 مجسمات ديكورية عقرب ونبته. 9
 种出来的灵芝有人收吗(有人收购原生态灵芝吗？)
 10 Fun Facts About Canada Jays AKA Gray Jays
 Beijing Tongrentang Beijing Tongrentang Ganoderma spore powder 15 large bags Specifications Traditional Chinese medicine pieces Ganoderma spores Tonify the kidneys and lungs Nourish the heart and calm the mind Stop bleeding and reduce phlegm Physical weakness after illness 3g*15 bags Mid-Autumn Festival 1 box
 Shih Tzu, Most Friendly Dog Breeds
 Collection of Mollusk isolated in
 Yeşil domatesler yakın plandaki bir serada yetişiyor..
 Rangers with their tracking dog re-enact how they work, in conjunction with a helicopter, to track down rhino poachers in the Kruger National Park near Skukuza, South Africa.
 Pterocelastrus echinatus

* * *

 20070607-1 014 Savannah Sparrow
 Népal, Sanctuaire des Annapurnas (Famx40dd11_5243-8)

--

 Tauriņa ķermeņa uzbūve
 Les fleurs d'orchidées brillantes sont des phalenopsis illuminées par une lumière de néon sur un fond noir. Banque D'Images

[Work order]
All lines in the data above from the one with "20070607-1 014 Savannah Sparrow" through the one with "Népal, Sanctuaire des" must be repeated exactly, and no others.

[Output below]
 20070607-1 014 Savannah Sparrow
 Népal, Sanctuaire des Annapurnas (Famx40dd11_5243-8)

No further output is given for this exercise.